Communication refers to medium such as instant messaging or email. Links and recommendations which come from personal sources fall under this category. The quality of these links are generally very high and people are likely to click on them as they are received directly from a trusted source.
Display surfaces are places where one may show their support of a website or product. Common examples include MySpace sidebars, or the recent Yahoo! Mash. Facebook’s modules on a user’s profile page can also represent a display surface.
Content creators are where people are producing content which generally act as recommendations or information for their readers and subscribers. The most prevalent example of content creators are bloggers.
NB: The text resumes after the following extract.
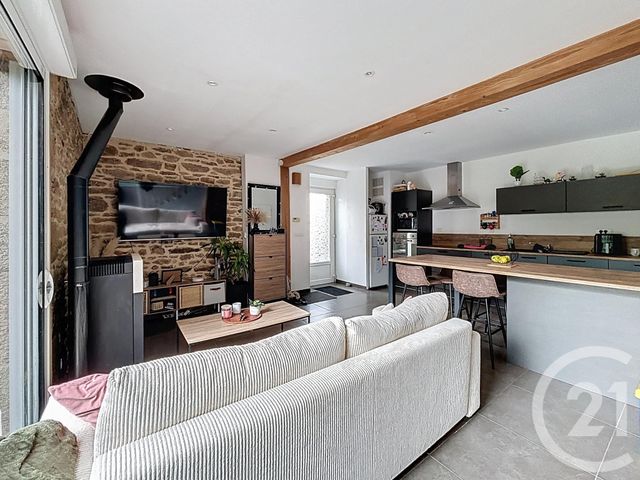Maison &agrave; vendre - 3 pi&egrave;ces - 60,13 m2 - Graces - 22 - BRETAGNE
Content aggregators represent the places where content creator feeds are collected for quick browsing, accessing and updating. My Yahoo!, iGoogle, Netvibes and feed readers are all examples of these.
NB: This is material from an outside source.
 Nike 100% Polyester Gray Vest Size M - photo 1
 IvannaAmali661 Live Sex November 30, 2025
The important thing to note, of course, is that all of these lead to the same place – i.e., your content. In order to design with these entry points in mind, we need to design to inform Context, illustrate Related material and of course, get the readers to the Content they were attempting to access
Although seemingly obvious, it’s surprising how few of us follow the core advice Luke gives: make the content your focus.
He illustrates with an example from an old design of the Chicago Tribune, where an article on the Olympics occupied 24% of the screen real estate, leaving 76% to overhead such as navigation, advertising, etc. Other examples he gave included Yahoo! Answers, which had their content occupying 5% of screen real estate prior to their redesign and Buyit.com which has horrendous visual hierarchy.
Users have an expectation when they access the page, based on where they arrived from. Thus, making sure they can see the relevant content as easily as possible is important. They have certain expectations which must be met through easily scannable content – beginning with keeping the title tag of the site the same as the link and the title on the page.
He uses CNN/entertainment as an example of great hierarchy and how they also use bullet summaries to increase reader comprehension and deliver on promises quickly.
Luke then shares the less is more philosophy and reminds us that we don’t have to show everything. “Spare us your site map,” he says as he shows a site that has their entire site as a side navigation.
There are, however, often related pieces of content that tie in with the content being viewed and these should be revealed and embedded in a clearly visible fashion
The ever popular BBC.com is used as an example. On just about any given story, they right side features very relevant categories and content. Further, for some stories, the left navigation changes. Rather than showing all of BBC’s categories, for example, a story on European Football shows European Football news and teams as the core navigation on the left.
He then references the ever popular and relevant book, The Paradox of Choice by Barry Shwartz, reminding us that fewer choices tend to lead to more likelihood of action than more. Specifically, people who had 6 choices were more likely to act whilst those who had 10 tended to not choose at all. Of course, I couldn’t help but recall our own references to choice overload.
In terms of placement of related information, he recommends the left navigation side as the right tends to be viewed as advertisements. As one might suspect, readers do not click on links they don’t see so visibility is important.
Of course, all of this is irrelevant if your content wasn’t relevant in the first place. But if you make good on your content, then related calls to action are welcome.
When the reader accesses a site through external means, they lack any sort of context. It’s important to indicate to readers:
- Who’s site is this?
- What’s going on?
- Is this a site I can trust?
Ensure that this information is evident and the design of the page looks professional or appropriate for your purposes in order to build trust. Luke mentions the Stanford Web Credibility research which indicated more professionally designed sites were viewed as more trustworthy.
Finally, Luke mentions how on his own site, if a reader arrived through searching for a certain term, he uses that term to provide additional context. For example, he will pull up other related articles on his site based on the search term. He will also highlight the words which match the search term. Similarly, Luke illustrates how Yahoo! Answers bolds the search terms used.